(1)中銀が週次で発表しているエコノミストへの調査に基づく経済成長予測に関し、4月25日の発表では、本年の経済成長見通しは1.65%と前週より若干上方修正、明年の経済成長見通しは2.00%と前週から据置きとなっている。
(2)IMFは本年4月の世界経済見通し(WEO)において、本年のブラジルの経済成長率を1.8%。明年の成長率を2.7%と見込んでいると発表した。
(1)4月1日、ブラジル議会下院は、企業の海外利益に関する税制の改正案を可決し、外国における子会社等の収益に対する課税に関し、8年間支払繰延を認めるとともに外国当局に支払った税金と外国子会社からブラジル本国への配当は控除できることとした。今後上院での審議・承認、大統領の署名を経て改正法が発行する見通し。
(2)4月14日、マンテガ財務大臣は、IMFが世界経済見通しにおいて、ブラジルの経済成長見通しを下方修正したことについて、「投資家がリスク回避的であった1月、2月のデータにとらわれ過ぎており、悲観的なバイアスを持った見方をしている」と批判した。
(3)4月15日、マンテガ財務大臣は、来年の経済成長率について政府見通しが3%と市場予想を大きく上回っていることに関し、来年経済の勢いが加速することは十分あり得ることで、その場合財政黒字目標を引き上げることもありうると発言した。
(4)4月29日、マンテガ財務大臣は、明年のブラジルの経済成長率は2.3%との見通しを示すとともに、インフレ率もトウモロコシの収穫が順調なことなどを挙げ5月~6月は最低水準になるとの見通しを示した。
(5)4月30日、ルセーフ大統領は、テレビ演説を行い、低、中所得層の生活向上に必要な見直しはどんなものであれ継続すると述べ、「ボルサ・ファミリア」で受給者3600万人を貧困ラインを上回る水準の所得に維持するため現金給付額を10%引き上げる等の政策を発表した。
(1)4月2日、伯中銀の通貨政策委員会(Copom)は、政策金利(Selic)を0.25%引き上げ、11.00%とすることを発表。

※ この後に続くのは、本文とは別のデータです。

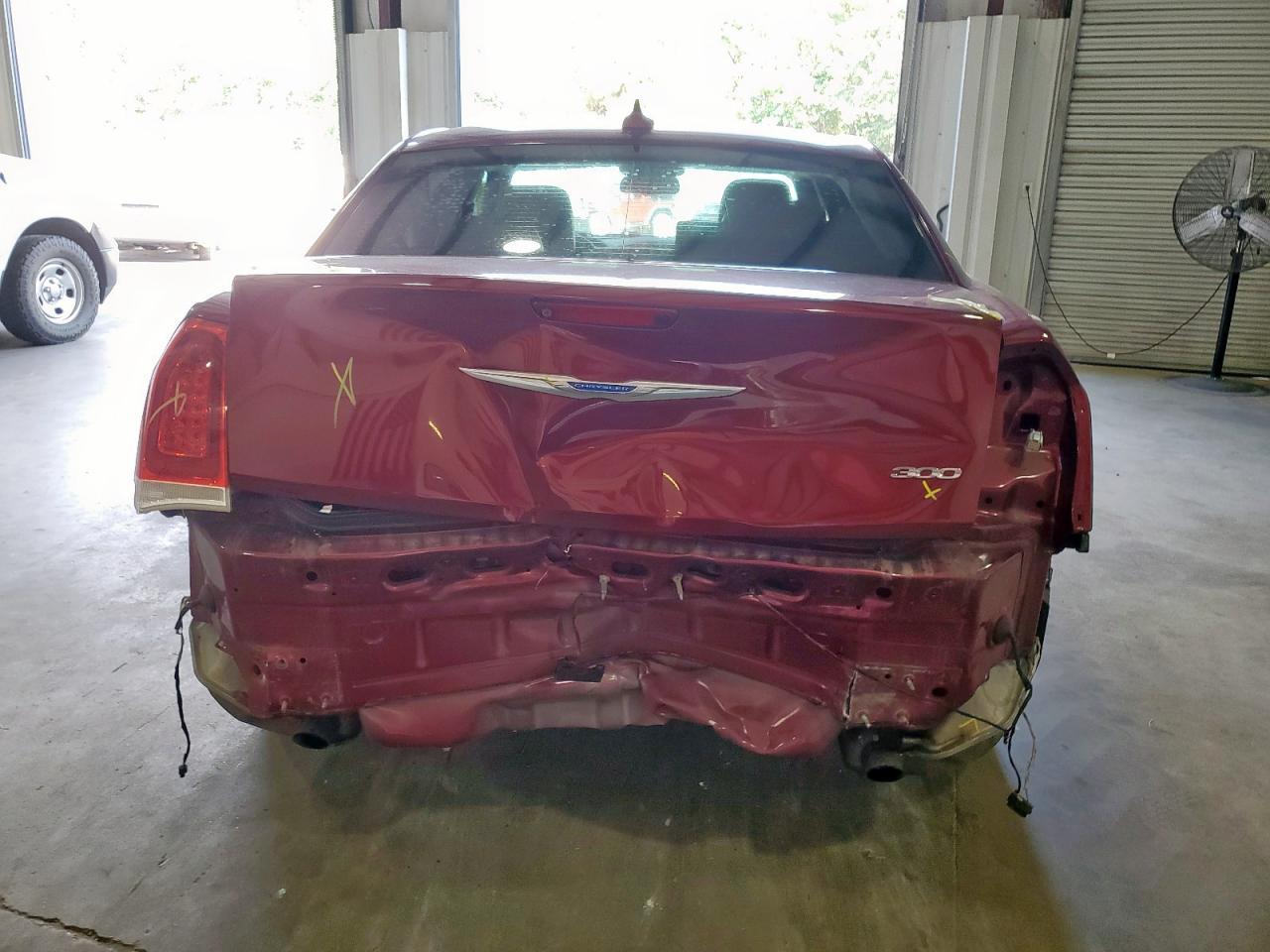 2018 Chrysler 300 Touring VIN: 2C3CCAAG8JH308377 Lot: 84455295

(2)4月10日、トンビーニ伯中銀総裁は、現在の食料品価格の高騰が一時的なものとみなせれば、現在継続中の利上げサイクルを停止することもありうると述べた。
(3)4月16日、ハミルトン伯中銀経済政策担当副総裁は、伯中銀の金融政策は十分に奏功しており、最近のSelicの引上げの効果は正常な軌道をたどって物価に浸透しつつあり、今後明らかになってくる旨述べた。
(ア)4月のドル・レアル為替相場は月のはじめ、中銀のデータが資金の海外流出を示すものだったことや、2日にSelicが引き上げられたもののCopomの声明が引き上げの終了の可能性を示唆するものであったこと等から、3日に1ドル=2.2811レアル(売値)の月内レアル最安値をつけた。しかしその後、発表された3月の物価が予想よりも高く、金利上昇を見込んだレアル買いが強まったこともあり、一時1ドル=2.2レアルを超えるレアル高となった。
(イ)月の半ば以降は、ウクライナ軍が親ロシア派に対して武力行使に出たことで有事のドル買いが強まり、再びドル高レアル安に転じた。月の後半になると、中央銀行の外貨フローのデータが流入超だったことなどから、ドルの上値は重い一方、中銀のスワップによる5月のドル買いをめぐる予測やウクライナ情勢に関する米ロの対立等から、ドル買い要素もあったため、相場は小幅な値動きとなった。月末はそのままのレベルの1ドル=2.2354レアル(買値)で4月の取引を終えたが、前月末比でレアルは1.19%高くなり3ヶ月連続の上昇となった。
(ア)4月のブラジルの株式相場(ボベスパ指数)は、ブラジルの国内的な要素に影響を受けたものの、全体として横ばいの展開となった。月のはじめ、マンテガ財務相が明年のエネルギー価格の調整は大きくなると発言しエネルギー関連株が買われたことや、大統領選に関する世論調査でのルセーフ大統領の支持率低下により外国人投資家がブラジルの株式に資産を移動したことから、7日に52,155ポイントと今年の最高値を記録した。
(イ)しかし、ブラジルの物価上昇でSelicがさらに引き上げられるとの見方が強まったことや、ペトロブラスをめぐる汚職疑惑を嫌気して同社株が売られるなど、国内の要素から軟調な推移となった。更に、ウクライナ情勢の緊張化や中国の経済成長の鈍化を受け、月の半ばに一時大幅な下落となった。その後、中国の第1四半期GDPや米国の鉱工業生産指数が予想を上回ったこともあり、株価は再び52,000ポイントの水準まで上昇した。鉄鋼会社大手ヴァーレの海外資産の課税に関して最高裁が同社に有利な判断を下したため同社株が買われたことも、株価全体を押し上げる要因になった。
(ウ)ただし、政府がアルコールおよび清涼飲料への税率を引き上げると発表したため、飲料会社大手アンベブなどの株が売られたことや、鉄鉱石価格の下落を受けヴァーレの第1四半期の純利益が減少したことを受け、同社株が売られたことが株価の押し下げ材料となった。また、発表された米国の第1四半期GDPが市場の予想を大きく下回ったことも影響し、月末は51,627ポイントで4月の取引を終了したものの前月末比で2.4%プラスとなり2ヶ月連続の上昇となった。